TASK DATA
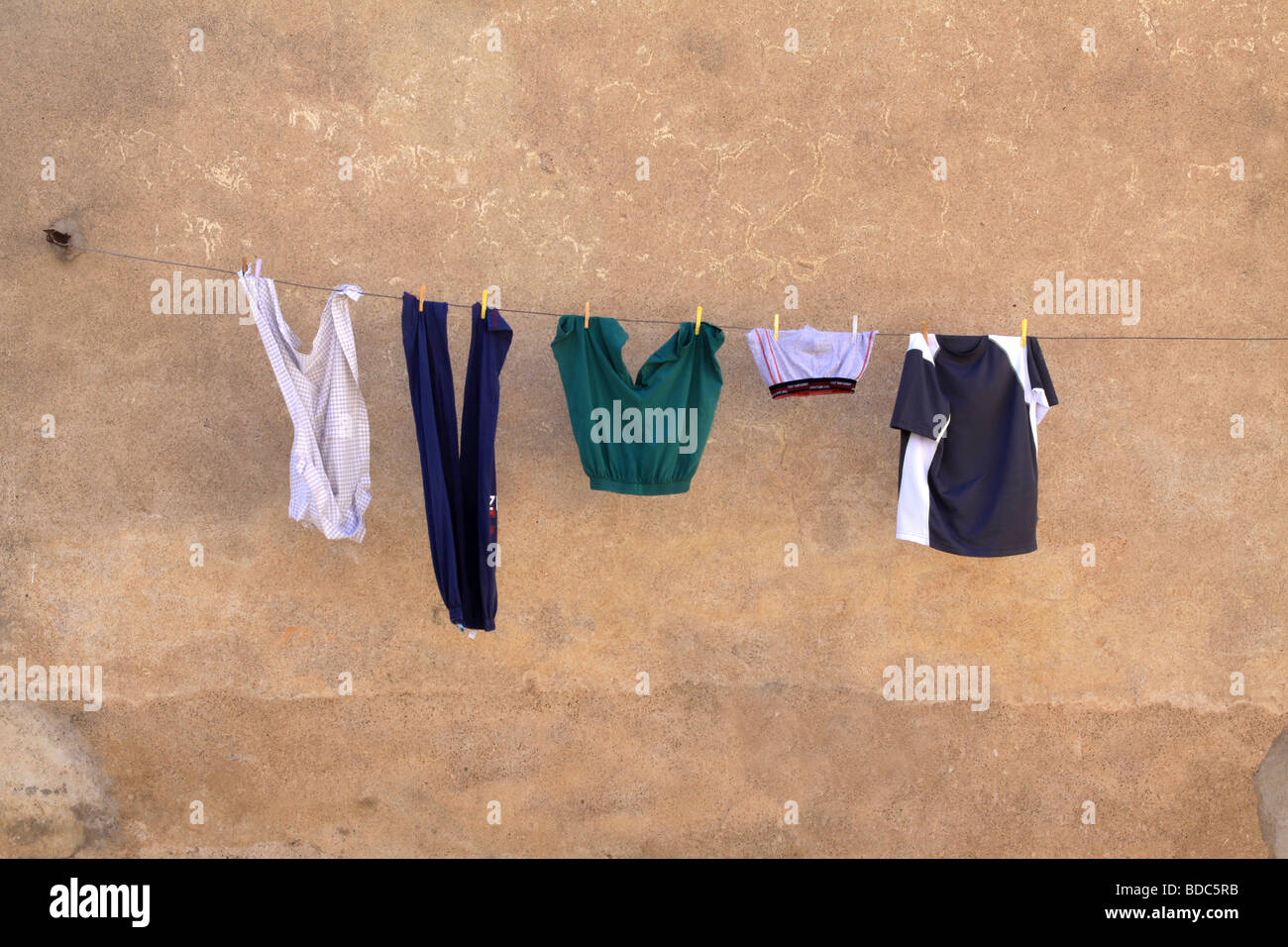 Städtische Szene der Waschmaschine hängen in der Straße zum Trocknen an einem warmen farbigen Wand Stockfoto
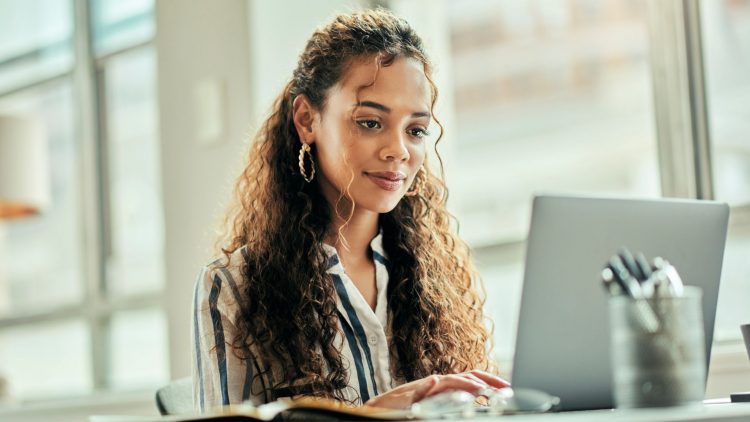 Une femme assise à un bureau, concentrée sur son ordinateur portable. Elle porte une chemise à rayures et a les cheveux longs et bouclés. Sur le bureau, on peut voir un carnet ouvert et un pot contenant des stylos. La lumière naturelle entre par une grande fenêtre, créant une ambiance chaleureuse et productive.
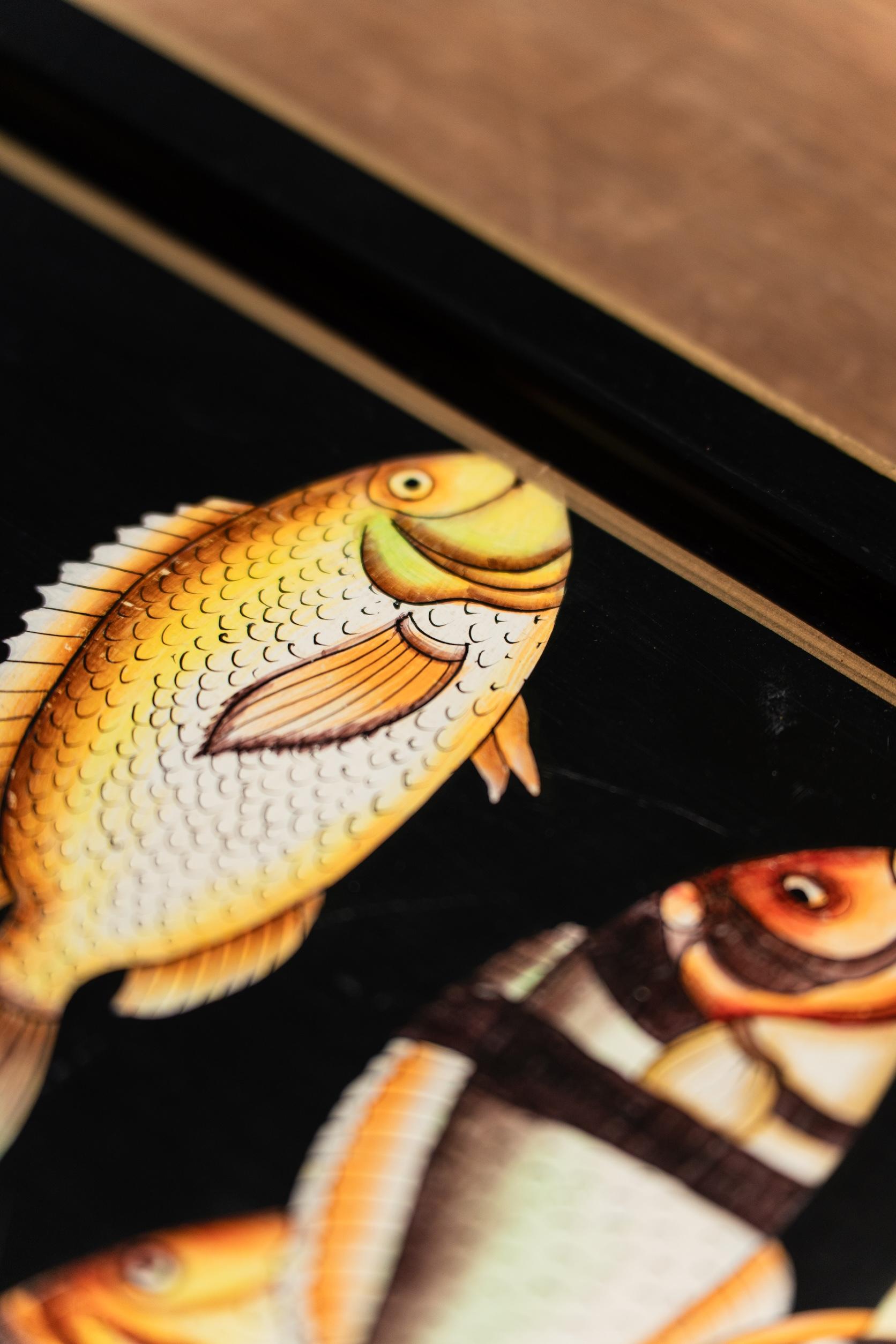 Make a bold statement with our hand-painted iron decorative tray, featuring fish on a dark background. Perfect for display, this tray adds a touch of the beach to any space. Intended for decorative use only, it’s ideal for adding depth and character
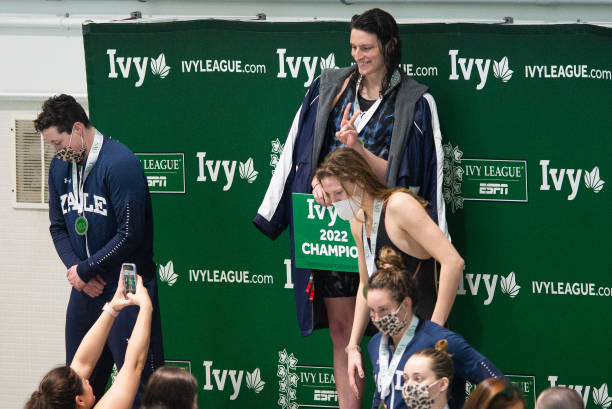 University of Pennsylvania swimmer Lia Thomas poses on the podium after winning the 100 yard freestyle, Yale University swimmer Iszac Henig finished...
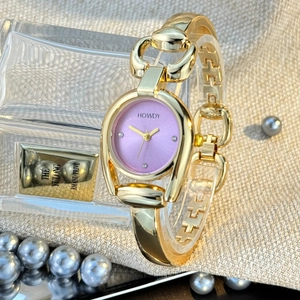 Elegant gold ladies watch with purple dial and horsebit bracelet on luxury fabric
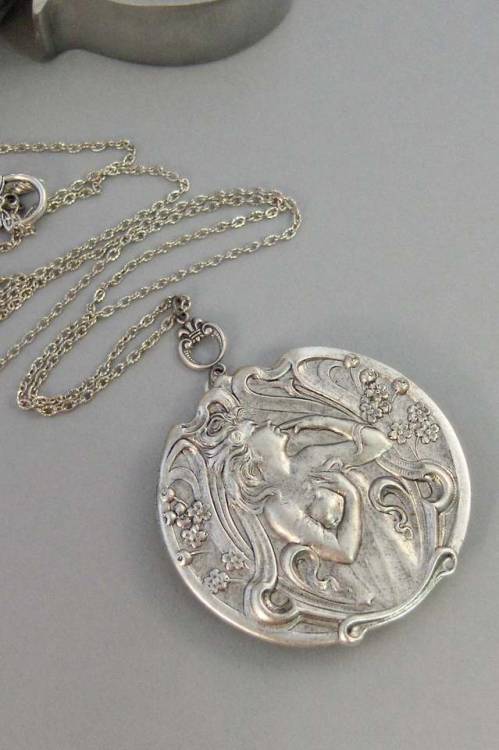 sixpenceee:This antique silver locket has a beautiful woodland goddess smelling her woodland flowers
--
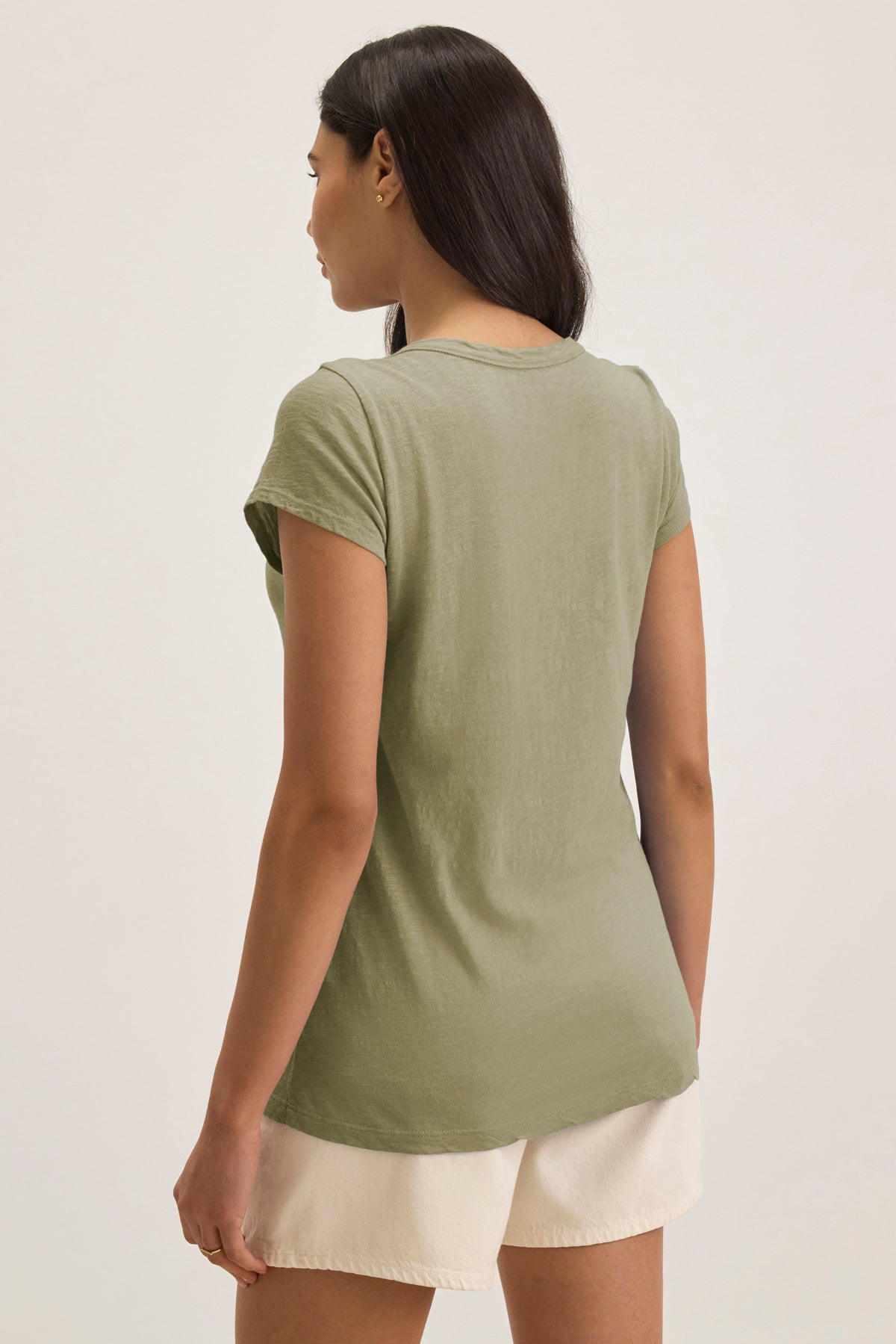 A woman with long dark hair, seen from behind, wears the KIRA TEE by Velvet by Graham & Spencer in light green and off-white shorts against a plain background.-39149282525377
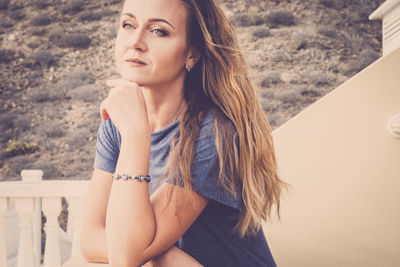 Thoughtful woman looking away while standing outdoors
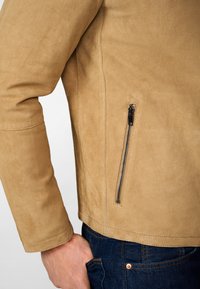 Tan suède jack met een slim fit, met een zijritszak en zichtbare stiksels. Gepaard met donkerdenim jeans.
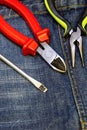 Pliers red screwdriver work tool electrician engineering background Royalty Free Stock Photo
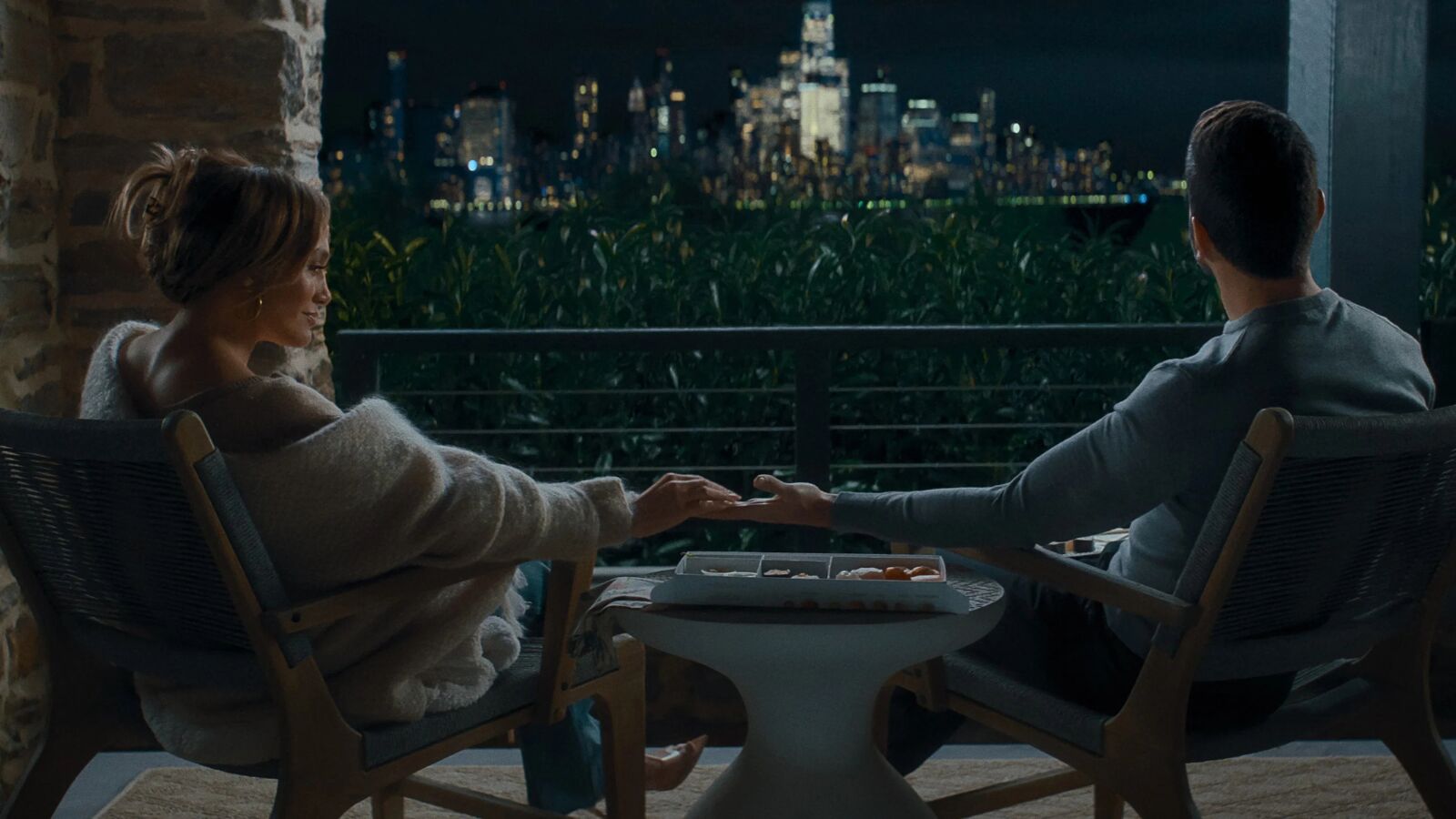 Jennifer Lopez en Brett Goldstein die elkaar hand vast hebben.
---
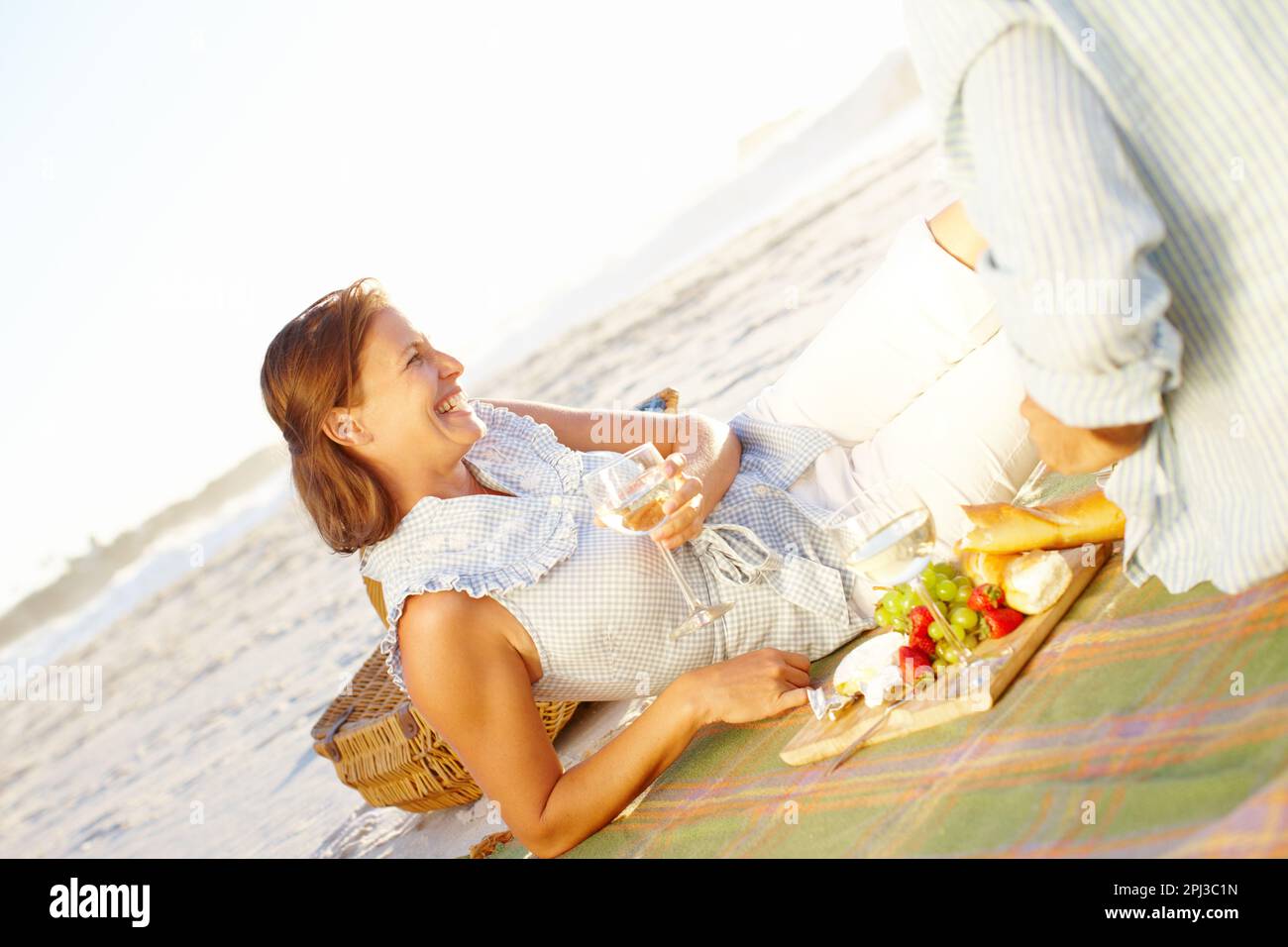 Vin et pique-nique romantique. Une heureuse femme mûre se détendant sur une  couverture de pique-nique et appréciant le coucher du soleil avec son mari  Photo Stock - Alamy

WHAT THE TASK REQUIRES
In the records above, find the line with "Thoughtful woman looking". Print exactly from there through the line with "Jennifer Lopez en", minus the pictures.

RESPONSE TO THE TASK
 Thoughtful woman looking away while standing outdoors
 Tan suède jack met een slim fit, met een zijritszak en zichtbare stiksels. Gepaard met donkerdenim jeans.
 Pliers red screwdriver work tool electrician engineering background Royalty Free Stock Photo
 Jennifer Lopez en Brett Goldstein die elkaar hand vast hebben.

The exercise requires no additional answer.